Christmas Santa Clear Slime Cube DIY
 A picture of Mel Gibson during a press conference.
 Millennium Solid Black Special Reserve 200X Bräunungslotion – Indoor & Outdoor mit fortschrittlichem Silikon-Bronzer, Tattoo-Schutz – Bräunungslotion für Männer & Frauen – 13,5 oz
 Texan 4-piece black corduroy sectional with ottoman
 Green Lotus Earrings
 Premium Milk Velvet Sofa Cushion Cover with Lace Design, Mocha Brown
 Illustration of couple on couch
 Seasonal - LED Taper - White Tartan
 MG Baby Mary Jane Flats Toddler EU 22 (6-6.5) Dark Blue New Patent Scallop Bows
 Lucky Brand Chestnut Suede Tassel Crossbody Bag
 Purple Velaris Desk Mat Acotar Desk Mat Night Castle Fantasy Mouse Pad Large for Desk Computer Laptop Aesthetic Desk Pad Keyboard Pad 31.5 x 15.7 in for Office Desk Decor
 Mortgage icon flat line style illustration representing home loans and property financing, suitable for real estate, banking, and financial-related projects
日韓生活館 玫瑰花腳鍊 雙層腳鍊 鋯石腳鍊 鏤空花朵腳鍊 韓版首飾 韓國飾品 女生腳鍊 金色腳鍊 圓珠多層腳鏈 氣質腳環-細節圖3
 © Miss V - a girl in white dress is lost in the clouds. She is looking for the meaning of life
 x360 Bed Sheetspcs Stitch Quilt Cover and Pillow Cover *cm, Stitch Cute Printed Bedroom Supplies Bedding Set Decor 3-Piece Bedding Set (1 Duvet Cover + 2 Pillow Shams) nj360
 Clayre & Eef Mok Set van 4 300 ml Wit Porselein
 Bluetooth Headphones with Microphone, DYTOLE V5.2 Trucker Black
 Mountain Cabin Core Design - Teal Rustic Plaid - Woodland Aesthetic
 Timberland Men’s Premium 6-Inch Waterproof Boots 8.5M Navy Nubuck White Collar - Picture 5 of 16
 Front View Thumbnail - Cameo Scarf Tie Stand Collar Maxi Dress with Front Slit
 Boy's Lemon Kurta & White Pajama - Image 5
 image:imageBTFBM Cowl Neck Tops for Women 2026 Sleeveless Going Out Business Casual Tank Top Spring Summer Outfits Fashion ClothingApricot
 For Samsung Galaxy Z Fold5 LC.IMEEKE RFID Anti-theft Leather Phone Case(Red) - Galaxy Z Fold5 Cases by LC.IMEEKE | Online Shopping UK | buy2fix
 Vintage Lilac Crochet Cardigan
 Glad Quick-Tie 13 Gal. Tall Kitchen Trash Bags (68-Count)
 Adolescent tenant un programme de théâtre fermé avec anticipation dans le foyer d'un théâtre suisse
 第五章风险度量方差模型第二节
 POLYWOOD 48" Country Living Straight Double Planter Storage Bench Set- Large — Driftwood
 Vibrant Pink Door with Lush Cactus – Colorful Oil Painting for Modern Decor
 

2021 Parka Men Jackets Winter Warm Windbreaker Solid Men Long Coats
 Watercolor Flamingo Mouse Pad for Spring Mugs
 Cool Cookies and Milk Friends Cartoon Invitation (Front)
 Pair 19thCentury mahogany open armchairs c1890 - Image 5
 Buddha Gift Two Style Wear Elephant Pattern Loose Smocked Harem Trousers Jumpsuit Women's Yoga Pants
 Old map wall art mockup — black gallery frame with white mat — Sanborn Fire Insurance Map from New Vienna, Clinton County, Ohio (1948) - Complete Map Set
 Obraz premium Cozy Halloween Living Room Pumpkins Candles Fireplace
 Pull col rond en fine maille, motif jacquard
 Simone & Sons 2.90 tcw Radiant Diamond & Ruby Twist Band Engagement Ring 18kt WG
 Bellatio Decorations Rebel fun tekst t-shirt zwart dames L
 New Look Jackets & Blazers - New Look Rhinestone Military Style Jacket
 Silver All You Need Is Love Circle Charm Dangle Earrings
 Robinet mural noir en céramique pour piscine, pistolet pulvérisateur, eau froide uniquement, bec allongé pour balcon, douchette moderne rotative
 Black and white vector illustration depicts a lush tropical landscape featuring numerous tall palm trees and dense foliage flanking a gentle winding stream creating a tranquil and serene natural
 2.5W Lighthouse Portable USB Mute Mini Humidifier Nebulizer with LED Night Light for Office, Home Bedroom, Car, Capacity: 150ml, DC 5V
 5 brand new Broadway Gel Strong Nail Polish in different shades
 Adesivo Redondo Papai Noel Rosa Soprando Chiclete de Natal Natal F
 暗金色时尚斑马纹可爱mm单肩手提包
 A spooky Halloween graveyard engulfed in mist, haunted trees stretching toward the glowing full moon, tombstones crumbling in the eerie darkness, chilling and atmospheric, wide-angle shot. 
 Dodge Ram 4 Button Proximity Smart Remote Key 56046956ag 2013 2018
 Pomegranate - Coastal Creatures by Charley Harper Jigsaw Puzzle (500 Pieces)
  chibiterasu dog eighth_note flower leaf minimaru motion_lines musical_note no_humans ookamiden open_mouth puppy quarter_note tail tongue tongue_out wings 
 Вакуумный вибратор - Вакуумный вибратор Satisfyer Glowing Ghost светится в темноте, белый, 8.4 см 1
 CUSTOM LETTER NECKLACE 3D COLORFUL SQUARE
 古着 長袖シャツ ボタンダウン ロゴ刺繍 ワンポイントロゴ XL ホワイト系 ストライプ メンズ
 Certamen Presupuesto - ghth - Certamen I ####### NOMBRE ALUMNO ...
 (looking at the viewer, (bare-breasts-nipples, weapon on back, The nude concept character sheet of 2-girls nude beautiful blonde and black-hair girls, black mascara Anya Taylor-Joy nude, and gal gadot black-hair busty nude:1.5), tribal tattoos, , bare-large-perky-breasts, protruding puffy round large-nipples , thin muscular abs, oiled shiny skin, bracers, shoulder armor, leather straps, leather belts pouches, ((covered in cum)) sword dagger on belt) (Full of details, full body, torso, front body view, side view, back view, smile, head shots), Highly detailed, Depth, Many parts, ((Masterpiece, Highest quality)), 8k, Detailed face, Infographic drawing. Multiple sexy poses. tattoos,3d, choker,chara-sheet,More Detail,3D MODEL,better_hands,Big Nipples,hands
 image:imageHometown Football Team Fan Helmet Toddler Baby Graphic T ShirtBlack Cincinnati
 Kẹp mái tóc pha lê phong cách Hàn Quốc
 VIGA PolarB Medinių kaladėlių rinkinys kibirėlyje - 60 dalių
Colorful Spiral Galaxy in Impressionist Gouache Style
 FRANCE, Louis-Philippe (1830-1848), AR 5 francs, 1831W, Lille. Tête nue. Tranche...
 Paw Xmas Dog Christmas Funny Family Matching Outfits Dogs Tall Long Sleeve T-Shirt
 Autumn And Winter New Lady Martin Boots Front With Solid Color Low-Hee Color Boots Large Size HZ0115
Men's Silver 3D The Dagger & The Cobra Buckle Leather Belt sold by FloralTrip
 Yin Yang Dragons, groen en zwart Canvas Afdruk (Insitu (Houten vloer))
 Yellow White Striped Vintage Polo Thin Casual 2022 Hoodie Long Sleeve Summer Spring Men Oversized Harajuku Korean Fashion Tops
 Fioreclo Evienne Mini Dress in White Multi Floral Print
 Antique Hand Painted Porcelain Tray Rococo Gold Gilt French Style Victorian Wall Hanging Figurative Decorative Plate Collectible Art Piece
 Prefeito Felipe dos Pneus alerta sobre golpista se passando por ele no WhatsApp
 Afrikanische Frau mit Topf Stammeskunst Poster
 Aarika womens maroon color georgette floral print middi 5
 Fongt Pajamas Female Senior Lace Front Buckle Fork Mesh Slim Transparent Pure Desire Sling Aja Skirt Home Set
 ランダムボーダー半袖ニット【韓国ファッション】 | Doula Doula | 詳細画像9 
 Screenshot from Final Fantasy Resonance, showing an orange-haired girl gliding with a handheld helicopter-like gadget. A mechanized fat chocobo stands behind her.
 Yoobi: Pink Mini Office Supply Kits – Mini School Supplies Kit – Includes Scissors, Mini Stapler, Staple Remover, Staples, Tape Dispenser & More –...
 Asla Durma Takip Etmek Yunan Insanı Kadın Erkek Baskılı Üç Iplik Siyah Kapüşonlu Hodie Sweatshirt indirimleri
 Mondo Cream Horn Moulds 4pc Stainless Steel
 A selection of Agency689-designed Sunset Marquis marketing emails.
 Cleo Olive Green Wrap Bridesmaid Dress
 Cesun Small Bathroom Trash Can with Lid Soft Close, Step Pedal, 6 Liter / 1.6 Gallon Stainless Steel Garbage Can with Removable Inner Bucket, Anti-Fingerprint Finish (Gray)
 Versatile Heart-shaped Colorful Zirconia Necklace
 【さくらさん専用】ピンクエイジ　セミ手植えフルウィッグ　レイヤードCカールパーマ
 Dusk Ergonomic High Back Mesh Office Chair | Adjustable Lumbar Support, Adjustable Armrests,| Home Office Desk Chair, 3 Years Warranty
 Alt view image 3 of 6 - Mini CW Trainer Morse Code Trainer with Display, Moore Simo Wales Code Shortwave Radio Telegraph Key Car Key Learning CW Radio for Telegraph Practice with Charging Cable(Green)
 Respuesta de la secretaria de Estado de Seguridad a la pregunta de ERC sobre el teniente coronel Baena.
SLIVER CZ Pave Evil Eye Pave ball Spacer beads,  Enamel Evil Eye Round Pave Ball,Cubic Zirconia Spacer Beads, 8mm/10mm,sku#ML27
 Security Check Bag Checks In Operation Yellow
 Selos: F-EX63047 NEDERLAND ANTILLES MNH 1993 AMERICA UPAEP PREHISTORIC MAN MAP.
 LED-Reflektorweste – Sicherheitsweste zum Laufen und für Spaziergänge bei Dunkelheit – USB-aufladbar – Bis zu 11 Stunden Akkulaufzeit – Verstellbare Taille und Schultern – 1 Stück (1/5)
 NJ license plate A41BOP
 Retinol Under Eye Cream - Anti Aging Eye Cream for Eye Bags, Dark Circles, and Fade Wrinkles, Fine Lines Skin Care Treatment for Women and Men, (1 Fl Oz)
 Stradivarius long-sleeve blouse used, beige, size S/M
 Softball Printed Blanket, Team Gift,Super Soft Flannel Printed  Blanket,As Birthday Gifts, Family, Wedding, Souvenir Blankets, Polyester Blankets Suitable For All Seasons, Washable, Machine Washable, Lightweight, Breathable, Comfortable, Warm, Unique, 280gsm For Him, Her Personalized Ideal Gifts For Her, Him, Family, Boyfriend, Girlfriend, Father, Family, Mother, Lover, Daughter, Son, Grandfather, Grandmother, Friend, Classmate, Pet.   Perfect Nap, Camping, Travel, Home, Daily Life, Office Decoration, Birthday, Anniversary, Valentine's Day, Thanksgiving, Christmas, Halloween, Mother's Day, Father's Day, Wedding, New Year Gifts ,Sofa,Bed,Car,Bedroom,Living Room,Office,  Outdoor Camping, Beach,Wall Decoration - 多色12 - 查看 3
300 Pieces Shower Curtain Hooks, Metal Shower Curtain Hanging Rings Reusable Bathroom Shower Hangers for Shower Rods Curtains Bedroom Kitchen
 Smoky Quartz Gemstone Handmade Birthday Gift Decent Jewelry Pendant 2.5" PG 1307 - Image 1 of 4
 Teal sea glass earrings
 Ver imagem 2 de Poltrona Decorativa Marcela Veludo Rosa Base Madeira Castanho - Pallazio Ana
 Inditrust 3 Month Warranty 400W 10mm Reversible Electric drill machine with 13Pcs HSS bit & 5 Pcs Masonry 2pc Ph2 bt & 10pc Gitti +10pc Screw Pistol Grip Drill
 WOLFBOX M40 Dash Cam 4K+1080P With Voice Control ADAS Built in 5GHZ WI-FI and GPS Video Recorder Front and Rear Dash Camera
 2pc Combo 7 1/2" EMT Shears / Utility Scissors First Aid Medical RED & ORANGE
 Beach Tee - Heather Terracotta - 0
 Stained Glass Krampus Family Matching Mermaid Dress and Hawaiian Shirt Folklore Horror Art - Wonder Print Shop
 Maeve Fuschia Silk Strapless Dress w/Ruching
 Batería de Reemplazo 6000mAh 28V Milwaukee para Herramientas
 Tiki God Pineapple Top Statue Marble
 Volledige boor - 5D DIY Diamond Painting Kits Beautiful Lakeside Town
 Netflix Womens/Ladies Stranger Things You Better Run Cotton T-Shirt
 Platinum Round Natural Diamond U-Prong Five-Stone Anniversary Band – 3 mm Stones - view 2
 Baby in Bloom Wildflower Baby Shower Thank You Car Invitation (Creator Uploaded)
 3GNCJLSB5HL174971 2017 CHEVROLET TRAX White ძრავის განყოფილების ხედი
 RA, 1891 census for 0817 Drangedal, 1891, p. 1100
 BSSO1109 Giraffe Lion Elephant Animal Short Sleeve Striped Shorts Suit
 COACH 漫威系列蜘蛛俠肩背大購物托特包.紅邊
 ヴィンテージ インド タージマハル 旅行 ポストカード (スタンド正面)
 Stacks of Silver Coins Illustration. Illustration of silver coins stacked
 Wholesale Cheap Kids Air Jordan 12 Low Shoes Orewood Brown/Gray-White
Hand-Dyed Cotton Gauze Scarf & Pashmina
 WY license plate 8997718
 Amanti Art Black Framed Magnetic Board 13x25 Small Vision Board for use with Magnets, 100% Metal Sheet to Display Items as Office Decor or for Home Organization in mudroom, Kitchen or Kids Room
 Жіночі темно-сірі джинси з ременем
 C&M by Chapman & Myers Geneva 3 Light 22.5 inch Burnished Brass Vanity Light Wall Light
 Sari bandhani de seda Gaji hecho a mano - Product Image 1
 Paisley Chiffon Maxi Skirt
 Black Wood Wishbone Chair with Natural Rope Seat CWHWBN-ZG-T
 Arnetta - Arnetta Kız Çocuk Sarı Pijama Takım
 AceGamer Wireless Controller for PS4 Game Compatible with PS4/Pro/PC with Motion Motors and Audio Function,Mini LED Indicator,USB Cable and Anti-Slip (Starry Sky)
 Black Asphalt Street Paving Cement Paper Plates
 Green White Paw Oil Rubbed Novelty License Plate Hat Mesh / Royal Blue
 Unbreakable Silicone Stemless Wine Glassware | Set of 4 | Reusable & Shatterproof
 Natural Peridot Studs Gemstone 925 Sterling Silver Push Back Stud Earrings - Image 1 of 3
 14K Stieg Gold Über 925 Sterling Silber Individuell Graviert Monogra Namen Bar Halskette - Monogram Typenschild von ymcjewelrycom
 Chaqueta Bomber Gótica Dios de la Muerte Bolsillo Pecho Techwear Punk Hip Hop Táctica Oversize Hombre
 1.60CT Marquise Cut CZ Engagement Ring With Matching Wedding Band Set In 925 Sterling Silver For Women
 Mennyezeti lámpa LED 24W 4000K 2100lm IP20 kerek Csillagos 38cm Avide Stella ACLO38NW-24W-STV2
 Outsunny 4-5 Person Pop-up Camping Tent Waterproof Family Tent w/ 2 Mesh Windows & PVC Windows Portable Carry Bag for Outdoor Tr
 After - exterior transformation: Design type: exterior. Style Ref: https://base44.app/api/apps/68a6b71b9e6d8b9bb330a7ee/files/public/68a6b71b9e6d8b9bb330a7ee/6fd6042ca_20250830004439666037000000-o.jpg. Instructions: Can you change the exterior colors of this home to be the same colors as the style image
==========
Problem:
Please give again only the lines from the start of the material through the line holding "Boy's Lemon Kurta & White Pajama - Image 5", exactly as they are written.

Result:
Christmas Santa Clear Slime Cube DIY
 A picture of Mel Gibson during a press conference.
 Millennium Solid Black Special Reserve 200X Bräunungslotion – Indoor & Outdoor mit fortschrittlichem Silikon-Bronzer, Tattoo-Schutz – Bräunungslotion für Männer & Frauen – 13,5 oz
 Texan 4-piece black corduroy sectional with ottoman
 Green Lotus Earrings
 Premium Milk Velvet Sofa Cushion Cover with Lace Design, Mocha Brown
 Illustration of couple on couch
 Seasonal - LED Taper - White Tartan
 MG Baby Mary Jane Flats Toddler EU 22 (6-6.5) Dark Blue New Patent Scallop Bows
 Lucky Brand Chestnut Suede Tassel Crossbody Bag
 Purple Velaris Desk Mat Acotar Desk Mat Night Castle Fantasy Mouse Pad Large for Desk Computer Laptop Aesthetic Desk Pad Keyboard Pad 31.5 x 15.7 in for Office Desk Decor
 Mortgage icon flat line style illustration representing home loans and property financing, suitable for real estate, banking, and financial-related projects
日韓生活館 玫瑰花腳鍊 雙層腳鍊 鋯石腳鍊 鏤空花朵腳鍊 韓版首飾 韓國飾品 女生腳鍊 金色腳鍊 圓珠多層腳鏈 氣質腳環-細節圖3
 © Miss V - a girl in white dress is lost in the clouds. She is looking for the meaning of life
 x360 Bed Sheetspcs Stitch Quilt Cover and Pillow Cover *cm, Stitch Cute Printed Bedroom Supplies Bedding Set Decor 3-Piece Bedding Set (1 Duvet Cover + 2 Pillow Shams) nj360
 Clayre & Eef Mok Set van 4 300 ml Wit Porselein
 Bluetooth Headphones with Microphone, DYTOLE V5.2 Trucker Black
 Mountain Cabin Core Design - Teal Rustic Plaid - Woodland Aesthetic
 Timberland Men’s Premium 6-Inch Waterproof Boots 8.5M Navy Nubuck White Collar - Picture 5 of 16
 Front View Thumbnail - Cameo Scarf Tie Stand Collar Maxi Dress with Front Slit
 Boy's Lemon Kurta & White Pajama - Image 5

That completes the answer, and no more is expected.